Apartment management

Residential property has become a big issue recently, especially management fees charged by developers on apartment owners across the country. Affected buildings include The Manor in Ha Noi and Screc, My Vinh and The Botanic Towers in HCM City. When My Vinh’s developers doubled their monthly fee to US$40, owners refused to pay. Residents at The Botanic Towers were not happy when management fees increased to US$2 per square meter, up to VND500,000 (US$30) per unit, last September.

In comparison, the monthly fee of a mid-range apartment in Beijing is only US$0.50-0.90 per square metre, and US$1.30-2 for a high-end one. The figures go up to US$3.45-4.15 and US$4.84-6.23 respectively in Hong Kong. For luxury flats in Ha Noi, the fees are US$0.75-0.80 and US$0.50-0.80, respectively, according to property services company CBRE.

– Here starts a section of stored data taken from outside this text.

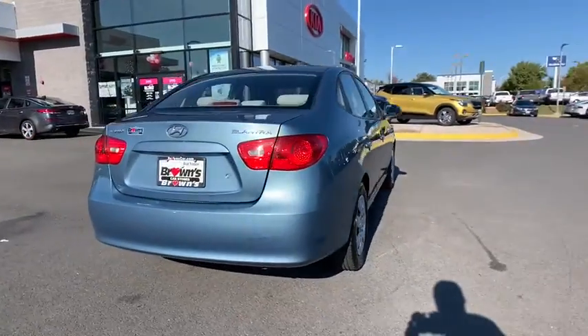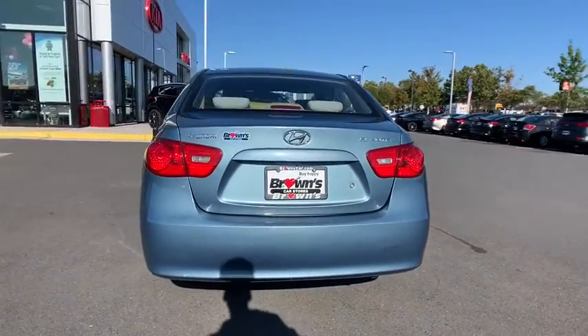This vehicle has less than 65,000 miles. Here are some of this vehicle's great options.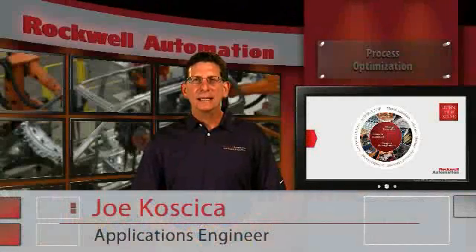Hello, my name is Joe Kosika and I'm an application engineer for the SSB automotive team.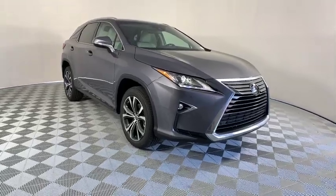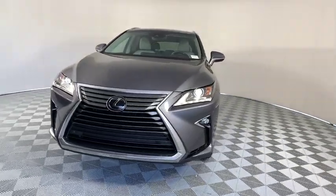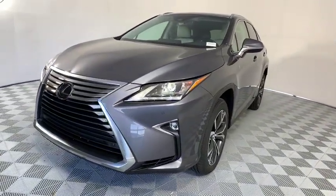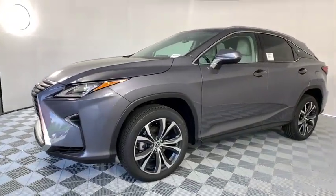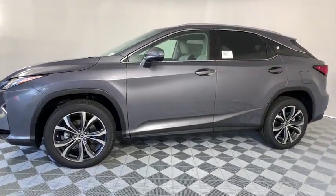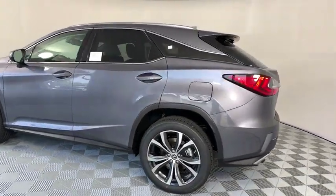2019 Lexus RX. The Lexus RX offers a spacious interior with an extremely high level of quality. The RX is the perfect fit for those looking for fuel efficiency, a wide variety of safety and technology features, and that luxury feel. Here are some of this vehicle's great options.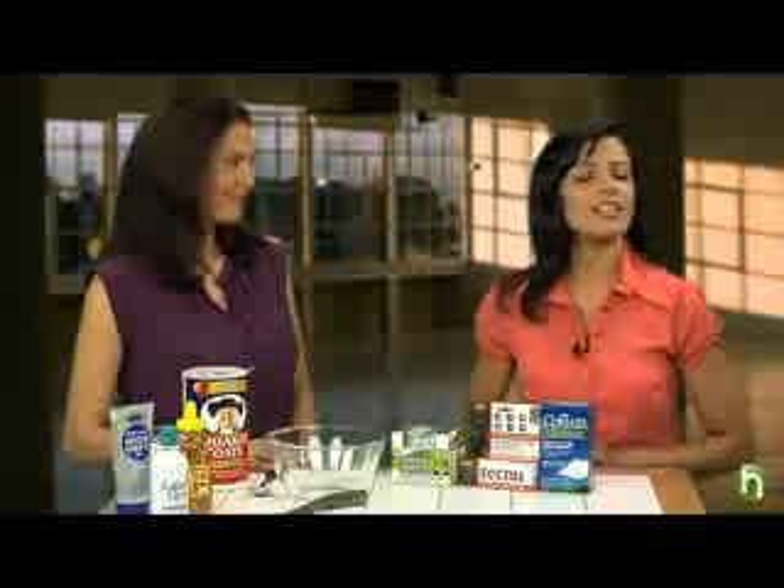Hi, I'm Cynthia Guaba for Howdini.com. Nothing spoils a summer vacation like a close encounter with poison ivy. To show us how to treat poison ivy is dermatologist and author Dr. Doris Day. Welcome.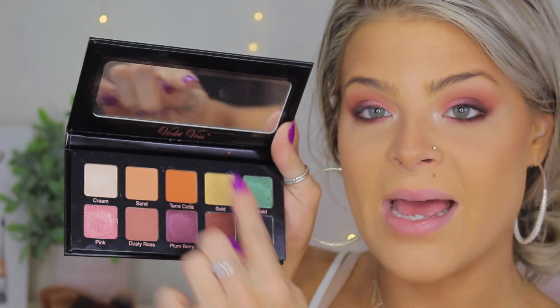That is what the eyeshadow looks like. I actually really enjoy the look that I created — it's really fun and colorful. I used a lot of the colors in this palette. I actually used every single color besides the gold and the green.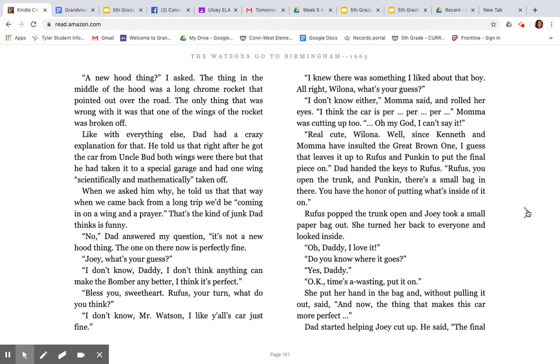'No,' Dad answered. 'It's not a new hood thing. The one on there now is perfectly fine. Joey, what's your guess?' 'I don't know, Daddy. I don't think anything can make the Bomber any better. I think it's perfect.' 'Bless you, sweetheart. Rufus, your turn. What do you think?' 'I don't know, Mr. Watson. I like y'all's car just fine.' 'I knew there was something I liked about that boy. All right, Malona, what's your guess?' 'I don't know either,' Mama said and rolled her eyes. 'I think the car is perp, perp, perp...' Mama was cutting up too. 'Oh my God, I can't say it.'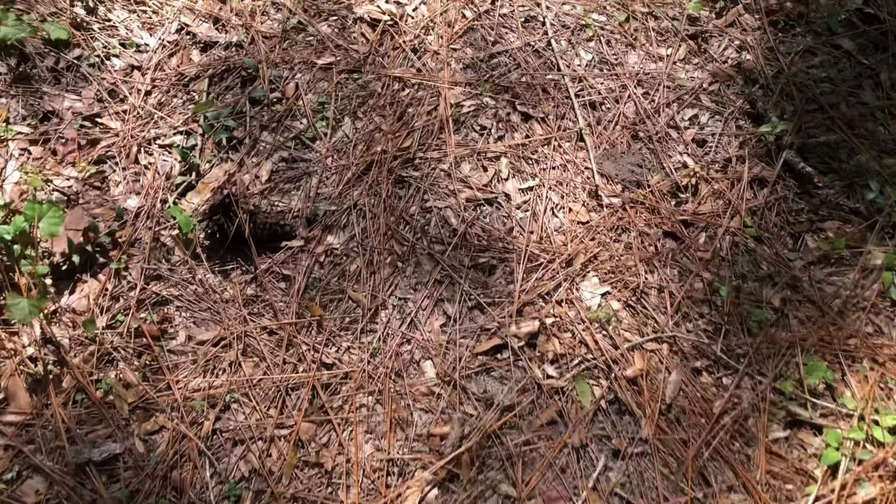Here's another pretty big cypress up here, right on the trail. And there's another one there.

CBRE held a seminar in HCM City last Friday on residential property management to introduce models from Thailand, Singapore, New Zealand and the US. According to CBRE general director Marc Townsend, developers might offer inaccurate fee levels to apartment buyers before project completion, and increase fees once residents move in. Meanwhile, realistic factors also contribute to the fee increases. Townsend cited common practices elsewhere that separate the functions of property development and management. Many developers in Viet Nam retain their management position after buildings are complete. "After finishing a project developers overseas will continue with their new ones, leaving the management to a professional third party," he said.